## Data for this exercise
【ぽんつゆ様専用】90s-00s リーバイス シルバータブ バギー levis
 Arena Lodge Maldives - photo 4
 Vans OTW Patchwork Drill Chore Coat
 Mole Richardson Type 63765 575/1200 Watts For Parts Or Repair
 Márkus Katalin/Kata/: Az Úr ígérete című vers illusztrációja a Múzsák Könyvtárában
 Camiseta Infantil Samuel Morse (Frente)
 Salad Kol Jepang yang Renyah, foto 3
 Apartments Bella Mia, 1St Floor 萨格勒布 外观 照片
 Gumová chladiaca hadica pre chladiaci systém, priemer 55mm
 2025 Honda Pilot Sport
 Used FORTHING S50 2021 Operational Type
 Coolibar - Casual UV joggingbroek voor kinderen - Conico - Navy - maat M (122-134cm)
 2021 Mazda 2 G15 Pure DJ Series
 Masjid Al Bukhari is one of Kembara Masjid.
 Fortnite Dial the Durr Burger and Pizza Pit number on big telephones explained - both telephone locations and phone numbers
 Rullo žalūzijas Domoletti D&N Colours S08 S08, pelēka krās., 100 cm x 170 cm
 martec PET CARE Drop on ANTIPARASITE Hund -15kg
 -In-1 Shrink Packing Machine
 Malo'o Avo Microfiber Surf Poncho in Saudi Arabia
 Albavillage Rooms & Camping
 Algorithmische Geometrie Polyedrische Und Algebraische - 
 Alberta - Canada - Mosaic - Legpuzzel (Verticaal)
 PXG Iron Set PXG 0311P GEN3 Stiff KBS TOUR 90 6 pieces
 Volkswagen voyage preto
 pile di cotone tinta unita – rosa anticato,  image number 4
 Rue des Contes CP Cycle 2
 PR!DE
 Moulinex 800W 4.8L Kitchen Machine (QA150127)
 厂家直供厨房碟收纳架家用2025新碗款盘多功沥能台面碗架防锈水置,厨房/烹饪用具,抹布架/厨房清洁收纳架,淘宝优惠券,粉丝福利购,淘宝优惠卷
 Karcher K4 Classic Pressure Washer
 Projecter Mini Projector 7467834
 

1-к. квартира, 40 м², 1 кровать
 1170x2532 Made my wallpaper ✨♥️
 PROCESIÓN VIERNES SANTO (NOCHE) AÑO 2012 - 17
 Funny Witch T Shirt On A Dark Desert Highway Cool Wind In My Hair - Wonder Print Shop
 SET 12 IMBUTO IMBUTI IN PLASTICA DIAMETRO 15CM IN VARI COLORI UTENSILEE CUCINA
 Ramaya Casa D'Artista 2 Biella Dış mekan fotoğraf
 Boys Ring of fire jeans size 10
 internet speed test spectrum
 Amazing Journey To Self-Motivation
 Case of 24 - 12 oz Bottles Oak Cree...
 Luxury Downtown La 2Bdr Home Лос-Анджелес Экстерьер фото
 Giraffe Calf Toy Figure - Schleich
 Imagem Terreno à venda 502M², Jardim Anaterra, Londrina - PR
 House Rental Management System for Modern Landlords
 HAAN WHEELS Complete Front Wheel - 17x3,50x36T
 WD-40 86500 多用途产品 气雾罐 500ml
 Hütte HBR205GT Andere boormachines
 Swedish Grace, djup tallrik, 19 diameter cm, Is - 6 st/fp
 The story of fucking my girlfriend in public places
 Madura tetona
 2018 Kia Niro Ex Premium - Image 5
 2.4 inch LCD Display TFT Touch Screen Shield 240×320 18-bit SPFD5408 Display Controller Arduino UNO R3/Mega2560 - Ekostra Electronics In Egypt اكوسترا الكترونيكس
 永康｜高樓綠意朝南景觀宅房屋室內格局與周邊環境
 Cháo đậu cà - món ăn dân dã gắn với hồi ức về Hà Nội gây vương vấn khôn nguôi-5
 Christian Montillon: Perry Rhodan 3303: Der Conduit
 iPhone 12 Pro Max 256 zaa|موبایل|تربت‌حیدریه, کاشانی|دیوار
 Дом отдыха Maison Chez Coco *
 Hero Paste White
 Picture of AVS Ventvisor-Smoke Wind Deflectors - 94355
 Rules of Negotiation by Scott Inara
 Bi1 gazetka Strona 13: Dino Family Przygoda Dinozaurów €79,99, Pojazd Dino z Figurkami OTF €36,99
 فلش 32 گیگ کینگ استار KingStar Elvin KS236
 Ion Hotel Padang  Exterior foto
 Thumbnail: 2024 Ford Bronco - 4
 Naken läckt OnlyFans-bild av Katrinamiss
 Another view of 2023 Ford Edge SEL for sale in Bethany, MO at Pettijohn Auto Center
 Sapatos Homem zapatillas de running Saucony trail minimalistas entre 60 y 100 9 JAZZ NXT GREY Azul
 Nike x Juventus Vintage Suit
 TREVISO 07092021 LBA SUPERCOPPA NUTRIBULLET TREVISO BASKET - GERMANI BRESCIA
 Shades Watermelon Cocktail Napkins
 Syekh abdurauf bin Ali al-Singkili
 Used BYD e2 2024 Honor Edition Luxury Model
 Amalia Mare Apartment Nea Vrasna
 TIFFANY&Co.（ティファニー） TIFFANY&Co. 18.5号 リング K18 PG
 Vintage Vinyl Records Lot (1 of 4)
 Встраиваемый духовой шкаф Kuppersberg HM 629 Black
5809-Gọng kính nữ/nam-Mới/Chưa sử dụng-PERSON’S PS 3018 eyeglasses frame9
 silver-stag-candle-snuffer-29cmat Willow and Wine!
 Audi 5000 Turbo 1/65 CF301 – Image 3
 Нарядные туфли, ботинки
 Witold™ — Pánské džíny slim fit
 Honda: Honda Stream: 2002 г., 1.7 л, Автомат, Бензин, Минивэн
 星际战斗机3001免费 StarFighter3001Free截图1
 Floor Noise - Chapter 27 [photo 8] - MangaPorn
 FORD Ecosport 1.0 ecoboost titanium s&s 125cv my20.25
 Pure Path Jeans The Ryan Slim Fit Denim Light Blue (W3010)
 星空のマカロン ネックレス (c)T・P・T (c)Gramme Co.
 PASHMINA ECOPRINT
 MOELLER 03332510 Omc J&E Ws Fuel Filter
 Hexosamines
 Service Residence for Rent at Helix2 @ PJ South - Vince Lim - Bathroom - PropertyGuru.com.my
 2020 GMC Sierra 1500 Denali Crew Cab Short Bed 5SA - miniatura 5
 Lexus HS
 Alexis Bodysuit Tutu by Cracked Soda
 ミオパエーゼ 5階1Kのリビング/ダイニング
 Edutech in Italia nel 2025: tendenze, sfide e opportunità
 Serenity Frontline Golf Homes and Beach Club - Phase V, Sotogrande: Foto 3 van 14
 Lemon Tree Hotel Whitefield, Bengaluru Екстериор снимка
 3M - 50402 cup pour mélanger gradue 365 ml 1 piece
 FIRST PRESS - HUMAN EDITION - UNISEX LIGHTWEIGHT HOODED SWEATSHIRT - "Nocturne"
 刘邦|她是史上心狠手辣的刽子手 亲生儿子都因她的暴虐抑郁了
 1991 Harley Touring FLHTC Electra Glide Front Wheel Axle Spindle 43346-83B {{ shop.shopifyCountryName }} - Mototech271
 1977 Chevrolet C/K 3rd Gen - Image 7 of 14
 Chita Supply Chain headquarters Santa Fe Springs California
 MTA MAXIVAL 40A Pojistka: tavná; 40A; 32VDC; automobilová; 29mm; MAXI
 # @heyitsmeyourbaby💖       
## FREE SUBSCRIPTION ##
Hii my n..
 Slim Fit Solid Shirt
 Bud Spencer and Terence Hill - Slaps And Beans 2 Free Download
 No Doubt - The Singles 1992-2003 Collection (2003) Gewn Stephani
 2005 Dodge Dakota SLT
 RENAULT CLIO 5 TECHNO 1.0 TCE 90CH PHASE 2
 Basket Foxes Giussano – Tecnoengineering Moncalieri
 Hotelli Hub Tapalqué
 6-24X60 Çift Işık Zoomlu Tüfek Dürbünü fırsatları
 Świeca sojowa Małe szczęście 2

## Description of the task
Transcribe, exactly and without additions, the lines of the records above, beginning with the line that contains "Projecter Mini Projector 7467834" and ending with the line that contains "Swedish Grace, djup", both included.

## Answer
 Projecter Mini Projector 7467834
 

1-к. квартира, 40 м², 1 кровать
 1170x2532 Made my wallpaper ✨♥️
 PROCESIÓN VIERNES SANTO (NOCHE) AÑO 2012 - 17
 Funny Witch T Shirt On A Dark Desert Highway Cool Wind In My Hair - Wonder Print Shop
 SET 12 IMBUTO IMBUTI IN PLASTICA DIAMETRO 15CM IN VARI COLORI UTENSILEE CUCINA
 Ramaya Casa D'Artista 2 Biella Dış mekan fotoğraf
 Boys Ring of fire jeans size 10
 internet speed test spectrum
 Amazing Journey To Self-Motivation
 Case of 24 - 12 oz Bottles Oak Cree...
 Luxury Downtown La 2Bdr Home Лос-Анджелес Экстерьер фото
 Giraffe Calf Toy Figure - Schleich
 Imagem Terreno à venda 502M², Jardim Anaterra, Londrina - PR
 House Rental Management System for Modern Landlords
 HAAN WHEELS Complete Front Wheel - 17x3,50x36T
 WD-40 86500 多用途产品 气雾罐 500ml
 Hütte HBR205GT Andere boormachines
 Swedish Grace, djup tallrik, 19 diameter cm, Is - 6 st/fp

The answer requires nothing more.